Every year around this time, I sit down and try to write a blog post about my work anniversary at Autodesk. For the last five years, I have never published any of those blog posts. This is due to a mix of reasons, but mainly one: I write a lot of posts that I never publish because I feel there is too much noise. Second, it merges with my holidays, and then it's too late to publish.
This year, as it's my fifth anniversary, I've promised myself I will publish it no matter what. In the last two years, Product Management has become more popular among the AECO folks. More often now, I get contacted through LinkedIn about how I transitioned to my current role. My answer is always the same: this just happened to me; I didn’t aim for this. At some point, I will write a blog post about product, but today's post is about Autodesk and my career.
When I was 23 and studying architectural engineering in Copenhagen, I loved expressing architecture through technology. This was through a very early-stage Revit at the time (2008), Rhino, and Grasshopper. One of my good friends, who is now a very talented software engineer, mentioned to me, “You know you don’t have to work for architects all your life, right? You know you can move to a technology company.” He saw how much I enjoyed the intersection of technology and architecture/construction and encouraged me to pursue a career in that intersection. Fast forward to me moving to London, my career was fully immersed in that edge connecting two worlds that, for me, never made sense separated.
I need to point out that, for those who don’t know, I have made multiple parallel moves in my career. I didn’t study architecture as my first major. I did Art History. I wanted to be a curator and loved contemporary art, again in the intersection of art, experience, and performance, like Bill Viola.
Throughout my life, something I struggle to understand is why humans place knowledge into buckets of categories that don't really make sense to those of us curious about everything. My career has been a mix of fulfilling that curiosity, continuously learning, and adapting to things that are not familiar while still somehow connected to the next one. In my head, the progression from art to architecture to construction to technology has been a very logical sequence because all of them are present in one another somehow.

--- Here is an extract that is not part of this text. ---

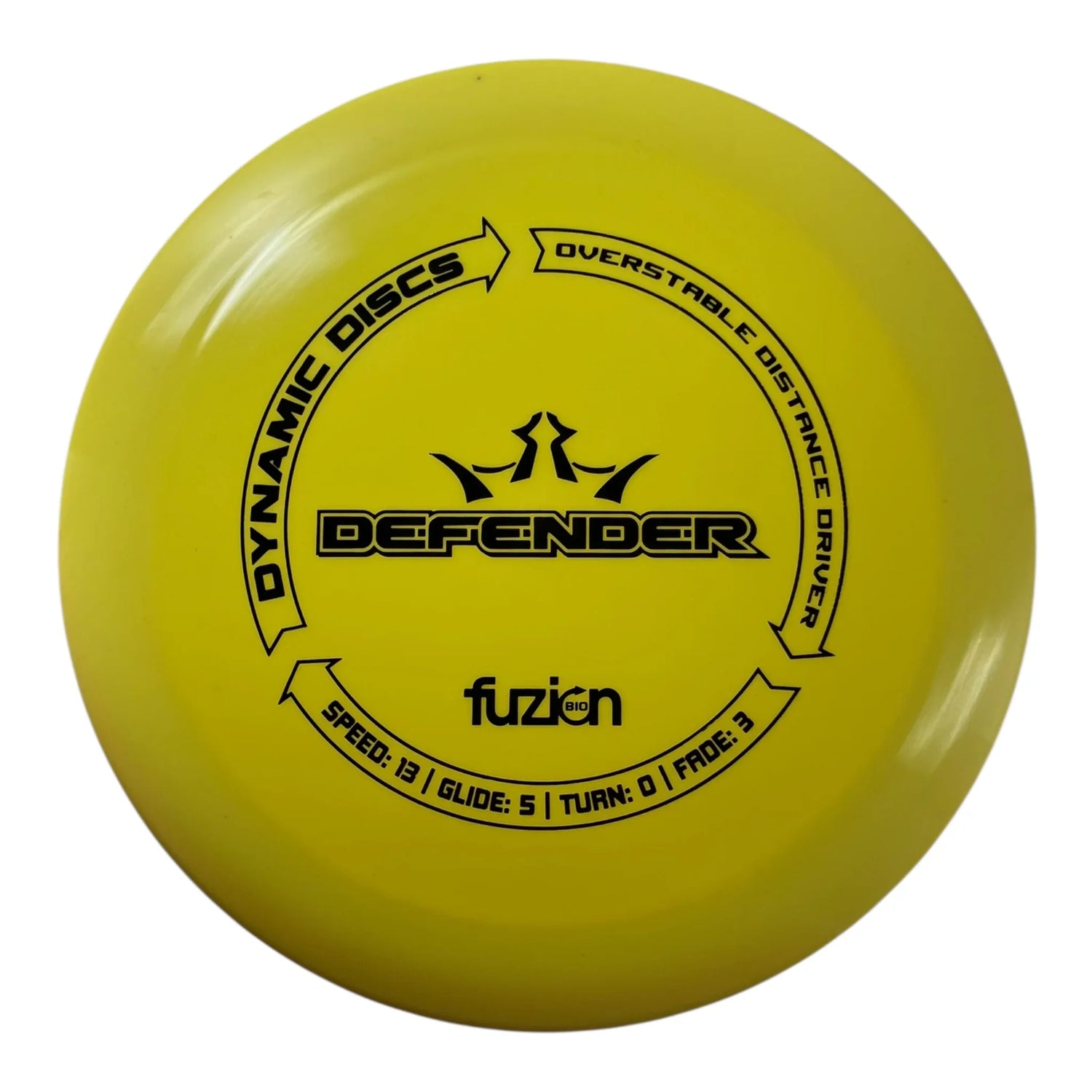 Dynamic Discs Defender | Biofuzion | Yellow/Black 174g Disc Golf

When the opportunity to work at Autodesk came along, I was working on the biggest project of my career in terms of size and budget, with probably the most ambitious requirements. A part of me remembered my friend's comment, and my gut feeling said, “do it.” I admit that most of my career decisions have been based on gut feelings. I also thought, “I’ll fix these products” – little did I know how challenging it is to build software products for AECO.

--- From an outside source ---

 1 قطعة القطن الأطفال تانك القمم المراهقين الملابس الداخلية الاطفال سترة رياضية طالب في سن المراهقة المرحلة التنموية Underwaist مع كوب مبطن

I will bluntly admit it was one of the best decisions I’ve ever made. In the past years at Autodesk, I have worked with the smartest people in my career. It required me to adapt to very different ways of working, learn from many cultures, and overall gave me the opportunity to work on products that many of my old construction colleagues use today. I get to have an impact on the industry I love in a different way, and at the moment with Tandem, to work on early-stage technology with a truly amazing team.
Now time for holidays before I embark into another year at Tandem and Autodesk.